Looking at the pattern, we can see that a function f : a -> b is "nice" if the following laws hold:

f (a <> b) ≈ f a <> f b
f mempty   ≈ mempty

We call these nice functions Homomorphisms.

Now, one finaly piece of equipment is required. This piece of equipment is a single Monoid instance² :

newtype Transformation a = Transformation { runTransformation :: a -> a }

instance Semigroup (Transformation a) where
    (Transformation f) <> (Transformation g) = Transformation $ f . g
instance Monoid (Transformation a) where
    mempty = Transformation id

Once we peel back all of the ceremony involved with the newtypes, we can see that the core idea is rather simple! Our set is a -> a, and our identity element is id : a -> a. Now, before we can ponder the laws, we need to think about what it means for two functions to be equal in the first place! This is a suprisingly tricky question, and one that I could devote a lot of time to, but that is for another day! For now, let us consider two functions equal if the "behave the same". This means that we will consider f and g equal if the have the same outputs for every input, or forall x. f x ≈ g x.

Now that we have decided what it means for two functions are equal, let's prove those laws!

associativity:
((f . g) . h) x                 ≈ -- By definition of (.)
(\y -> (f . g) (h y)) x         ≈ -- β-reduction
(f . g) (h x)                   ≈ -- By definition of (.)
(\y - f (g y)) (h x)            ≈ -- β-reduction
f (g (h x))                     ≈ -- β-expansion
(\y -> f (g (h y))) x           ≈ -- β-expansion
(\y -> f ((\z -> g (h z)) y)) x ≈ -- By definition of (.)
(\y -> f ((g . h) y)) x         ≈ -- By definition of (.)
(f . (g . h)) x                 ∎

left identity:
(id . f) x         ≈ -- By definition of (.)
(\y -> id (f y)) x ≈ -- β-reduction
id (f x)           ≈ -- By definition of id
(\y -> y) (f x)    ≈ -- β-reduction
f x                ∎

right identity:
(f . id) x         ≈ -- By definition of (.)
(\y -> f (id y)) x ≈ -- β-reduction
f (id x)           ≈ -- By definition of id
(f ((\y -> y) x))  ≈ -- β-reduction
f x                ∎

If these proofs are scary, don't worry! Equational reasoning is an aquired taste, so if you are confused, feel free to move on.

Now that we have all of the machinery we need, we can talk about a curious fact, namely, that we can view any Monoid a as a collection of transformations a -> a!

However, the embedding into Transformation is so simple that it can be hard to wrap your head around.

asTransformation :: Monoid a => a -> Transformation a
asTransformation x = Transformation $ \y -> x <> y

I find that, like most things, drawing a picture tends to clarify things. Let's using the Integers under addition as our first example. What does viewing, say, 2 as a transformation look like?
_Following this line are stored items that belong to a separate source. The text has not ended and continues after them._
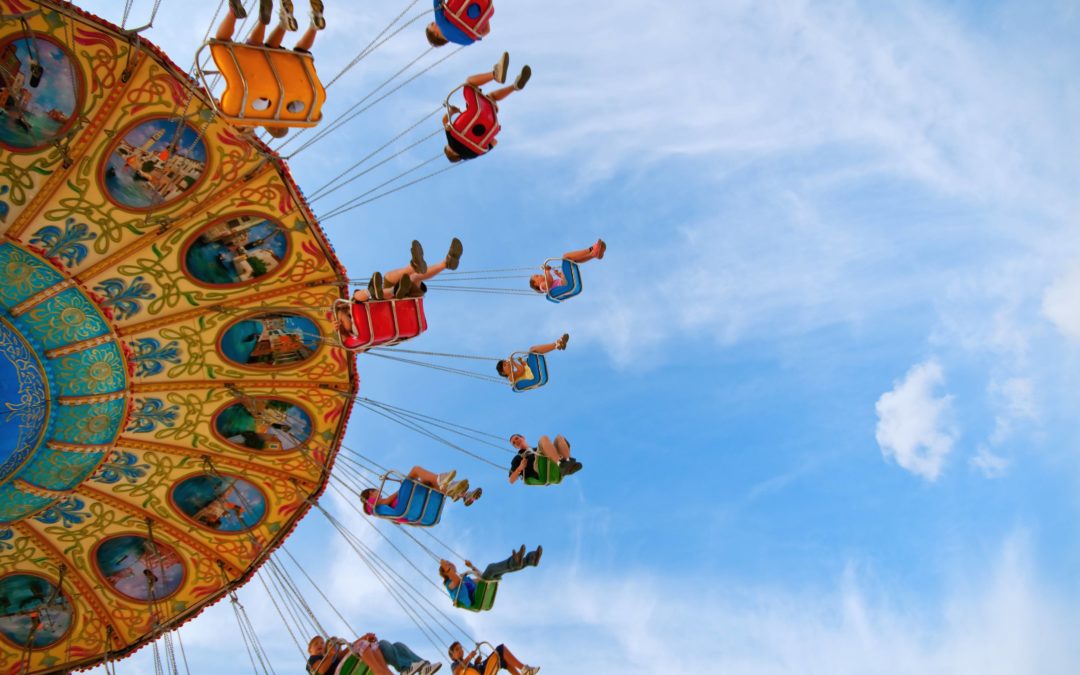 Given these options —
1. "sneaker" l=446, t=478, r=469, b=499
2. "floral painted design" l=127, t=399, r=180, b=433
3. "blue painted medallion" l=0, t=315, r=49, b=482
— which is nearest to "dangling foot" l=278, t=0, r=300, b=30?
"blue painted medallion" l=0, t=315, r=49, b=482

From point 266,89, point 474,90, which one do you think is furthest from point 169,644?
point 474,90

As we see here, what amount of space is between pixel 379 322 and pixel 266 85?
2.85 meters

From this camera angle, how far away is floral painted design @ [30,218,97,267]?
356 inches

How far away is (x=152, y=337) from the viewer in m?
10.0

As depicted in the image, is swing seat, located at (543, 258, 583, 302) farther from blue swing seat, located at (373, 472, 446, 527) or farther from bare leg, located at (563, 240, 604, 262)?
blue swing seat, located at (373, 472, 446, 527)

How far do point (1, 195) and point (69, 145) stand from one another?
1.02 meters

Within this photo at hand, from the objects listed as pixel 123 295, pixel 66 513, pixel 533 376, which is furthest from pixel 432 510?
pixel 66 513

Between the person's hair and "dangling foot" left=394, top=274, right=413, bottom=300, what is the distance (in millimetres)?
3067

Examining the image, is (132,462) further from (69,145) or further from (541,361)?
(541,361)

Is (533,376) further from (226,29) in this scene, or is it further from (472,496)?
(226,29)

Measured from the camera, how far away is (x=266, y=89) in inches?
297

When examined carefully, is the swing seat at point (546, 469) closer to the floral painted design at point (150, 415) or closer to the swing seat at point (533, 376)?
the swing seat at point (533, 376)

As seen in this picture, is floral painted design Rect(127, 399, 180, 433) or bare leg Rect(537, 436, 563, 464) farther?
bare leg Rect(537, 436, 563, 464)

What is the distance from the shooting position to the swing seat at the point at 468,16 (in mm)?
8672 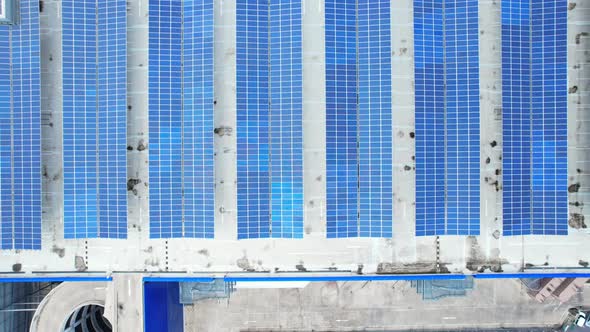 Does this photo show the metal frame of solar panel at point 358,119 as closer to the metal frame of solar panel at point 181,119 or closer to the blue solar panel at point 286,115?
the blue solar panel at point 286,115

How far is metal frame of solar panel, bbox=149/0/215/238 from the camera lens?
1884cm

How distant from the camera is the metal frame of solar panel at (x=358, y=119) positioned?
61.9 ft

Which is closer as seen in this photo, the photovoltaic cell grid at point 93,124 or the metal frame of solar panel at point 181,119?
the metal frame of solar panel at point 181,119

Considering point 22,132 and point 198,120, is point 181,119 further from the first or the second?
point 22,132

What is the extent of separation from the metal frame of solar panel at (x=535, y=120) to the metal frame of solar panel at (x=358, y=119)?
19.0 feet

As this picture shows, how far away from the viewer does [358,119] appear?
1897 cm

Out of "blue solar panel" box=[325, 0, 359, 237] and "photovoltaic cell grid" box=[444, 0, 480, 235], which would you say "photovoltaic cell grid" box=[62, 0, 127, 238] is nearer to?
"blue solar panel" box=[325, 0, 359, 237]

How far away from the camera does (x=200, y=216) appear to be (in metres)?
18.9

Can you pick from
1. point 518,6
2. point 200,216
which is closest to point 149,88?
point 200,216

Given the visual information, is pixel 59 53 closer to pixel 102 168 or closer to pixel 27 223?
pixel 102 168

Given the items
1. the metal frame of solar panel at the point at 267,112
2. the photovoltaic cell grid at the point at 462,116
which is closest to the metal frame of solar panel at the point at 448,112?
the photovoltaic cell grid at the point at 462,116

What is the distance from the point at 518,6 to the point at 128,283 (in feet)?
76.2

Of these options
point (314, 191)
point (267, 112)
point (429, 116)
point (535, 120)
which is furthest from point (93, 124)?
point (535, 120)

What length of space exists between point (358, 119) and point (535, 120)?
28.3 ft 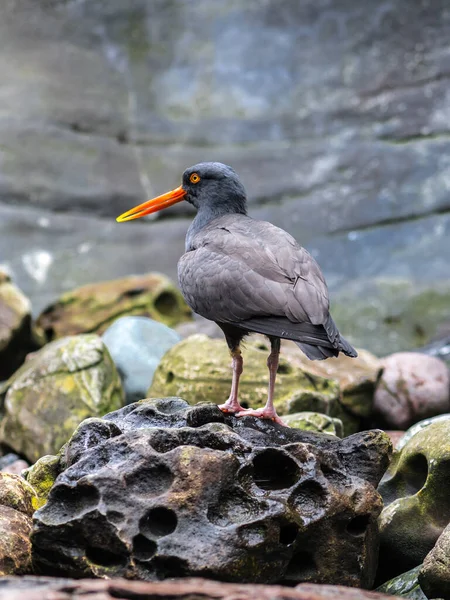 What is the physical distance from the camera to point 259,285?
4.61 metres

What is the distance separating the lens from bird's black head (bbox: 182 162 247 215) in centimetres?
584

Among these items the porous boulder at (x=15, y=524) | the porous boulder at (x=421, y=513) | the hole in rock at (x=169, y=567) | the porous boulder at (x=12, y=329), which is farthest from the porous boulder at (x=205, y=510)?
the porous boulder at (x=12, y=329)

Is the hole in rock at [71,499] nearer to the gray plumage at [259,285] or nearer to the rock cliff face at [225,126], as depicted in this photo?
the gray plumage at [259,285]

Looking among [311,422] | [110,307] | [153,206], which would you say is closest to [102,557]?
[311,422]

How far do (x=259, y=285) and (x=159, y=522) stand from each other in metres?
A: 1.63

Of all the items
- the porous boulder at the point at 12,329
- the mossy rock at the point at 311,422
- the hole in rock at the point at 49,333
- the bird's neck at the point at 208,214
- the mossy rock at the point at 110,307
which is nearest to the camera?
the mossy rock at the point at 311,422

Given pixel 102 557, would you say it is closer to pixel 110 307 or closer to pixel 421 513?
pixel 421 513

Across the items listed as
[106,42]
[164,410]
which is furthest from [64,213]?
[164,410]

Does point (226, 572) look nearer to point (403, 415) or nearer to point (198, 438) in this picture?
point (198, 438)

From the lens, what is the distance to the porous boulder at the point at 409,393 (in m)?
8.01

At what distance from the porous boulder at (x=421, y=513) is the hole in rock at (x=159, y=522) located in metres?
1.46

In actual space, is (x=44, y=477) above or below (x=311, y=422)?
below

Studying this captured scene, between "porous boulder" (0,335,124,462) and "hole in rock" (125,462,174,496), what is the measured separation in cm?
349

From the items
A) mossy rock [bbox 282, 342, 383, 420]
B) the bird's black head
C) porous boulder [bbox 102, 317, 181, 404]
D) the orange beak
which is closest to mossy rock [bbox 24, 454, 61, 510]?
the bird's black head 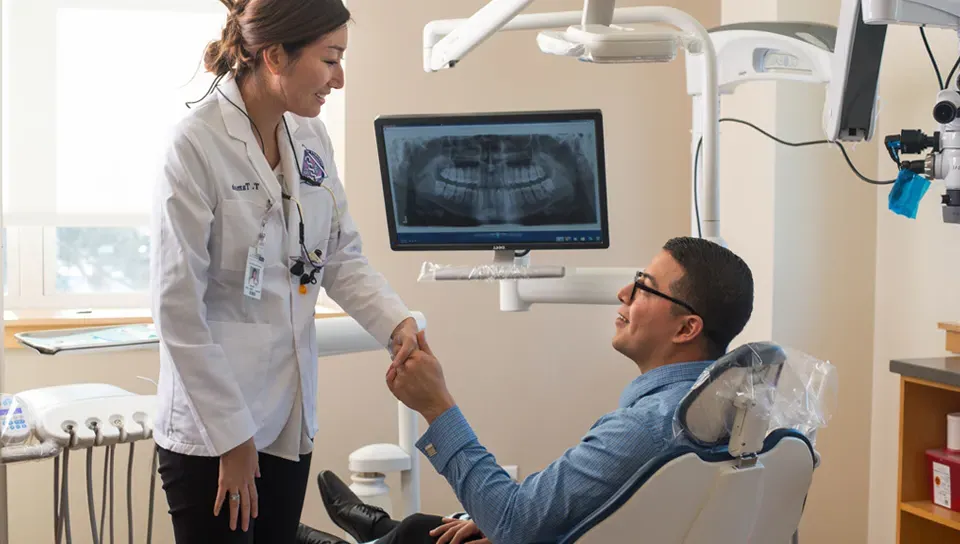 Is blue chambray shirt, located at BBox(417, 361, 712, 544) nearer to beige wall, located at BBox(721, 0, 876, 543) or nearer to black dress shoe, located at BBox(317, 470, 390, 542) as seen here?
black dress shoe, located at BBox(317, 470, 390, 542)

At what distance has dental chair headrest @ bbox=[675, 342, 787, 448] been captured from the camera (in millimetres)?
1289

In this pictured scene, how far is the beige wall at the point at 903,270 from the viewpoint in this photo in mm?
2756

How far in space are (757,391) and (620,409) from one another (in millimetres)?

As we can see, adding two shifts the whole number line to the right by two! As an exercise, think about what multiplying by two looks like as an action!

Interestingly enough, asTransformation is a Monoid Homomorphism! Here is yet another overly detailed proof:

asTransformation (x <> y)               ≈ -- By definition of asTransformation
\z -> (x <> y) <> z                     ≈ -- Associativity of <>
\z -> x <> (y <> z)                     ≈ -- By definition of.
(x <>) . (y <>)                         ≈ -- By definition of asTransformation
asTransformation x . asTransformation y ∎

asTransformation mempty ≈ -- By definition of asTransformation
\x -> mempty <> x       ≈ -- By left identity
\x -> x                 ≈ -- By definition of id
id                      ∎

Now, what does all of this mean? The way I like to think about it is that Monoids are nice collections of transformations. This shift in perspective gives a hint as to why they are so ubiquitous in programming: Programming is, at the end of the day, largely about transformations, so it makes sense that collections of well behaved transformations show up all over the place.

Furthermore, armed with this perspective, we can begin to explore even further, and we will in future!